Information shown —
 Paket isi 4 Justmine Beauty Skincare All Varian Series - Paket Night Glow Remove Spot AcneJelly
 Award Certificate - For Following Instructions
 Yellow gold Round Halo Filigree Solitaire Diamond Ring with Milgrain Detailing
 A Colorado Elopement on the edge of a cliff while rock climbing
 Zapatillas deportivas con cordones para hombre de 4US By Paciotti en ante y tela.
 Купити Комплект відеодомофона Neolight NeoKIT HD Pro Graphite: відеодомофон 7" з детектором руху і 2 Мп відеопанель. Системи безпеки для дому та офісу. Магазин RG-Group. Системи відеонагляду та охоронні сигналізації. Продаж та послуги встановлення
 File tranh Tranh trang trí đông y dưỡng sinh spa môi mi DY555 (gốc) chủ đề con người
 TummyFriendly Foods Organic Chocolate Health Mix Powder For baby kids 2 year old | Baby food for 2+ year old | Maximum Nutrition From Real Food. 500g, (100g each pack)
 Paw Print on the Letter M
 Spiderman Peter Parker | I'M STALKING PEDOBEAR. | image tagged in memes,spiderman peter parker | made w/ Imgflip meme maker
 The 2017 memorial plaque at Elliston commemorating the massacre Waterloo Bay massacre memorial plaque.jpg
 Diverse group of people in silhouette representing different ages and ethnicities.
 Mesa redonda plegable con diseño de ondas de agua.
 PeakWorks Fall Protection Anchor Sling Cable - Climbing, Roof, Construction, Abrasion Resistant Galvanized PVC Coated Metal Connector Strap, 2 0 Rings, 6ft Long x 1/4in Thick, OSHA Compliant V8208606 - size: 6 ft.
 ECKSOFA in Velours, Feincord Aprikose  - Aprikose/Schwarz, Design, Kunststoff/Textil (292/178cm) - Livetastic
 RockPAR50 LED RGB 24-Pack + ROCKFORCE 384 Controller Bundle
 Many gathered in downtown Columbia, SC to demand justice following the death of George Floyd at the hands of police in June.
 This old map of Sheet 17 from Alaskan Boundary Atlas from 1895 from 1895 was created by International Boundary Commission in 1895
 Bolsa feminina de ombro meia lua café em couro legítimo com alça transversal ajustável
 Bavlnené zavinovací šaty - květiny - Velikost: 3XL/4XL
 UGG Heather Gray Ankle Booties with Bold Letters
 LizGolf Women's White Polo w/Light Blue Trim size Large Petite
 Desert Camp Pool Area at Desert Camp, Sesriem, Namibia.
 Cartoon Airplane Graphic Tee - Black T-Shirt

Task goal — Quote exactly what appears from the line containing "Bavlnené zavinovací šaty" through the final line of the listing above, including both of those lines.

Task result —
 Bavlnené zavinovací šaty - květiny - Velikost: 3XL/4XL
 UGG Heather Gray Ankle Booties with Bold Letters
 LizGolf Women's White Polo w/Light Blue Trim size Large Petite
 Desert Camp Pool Area at Desert Camp, Sesriem, Namibia.
 Cartoon Airplane Graphic Tee - Black T-Shirt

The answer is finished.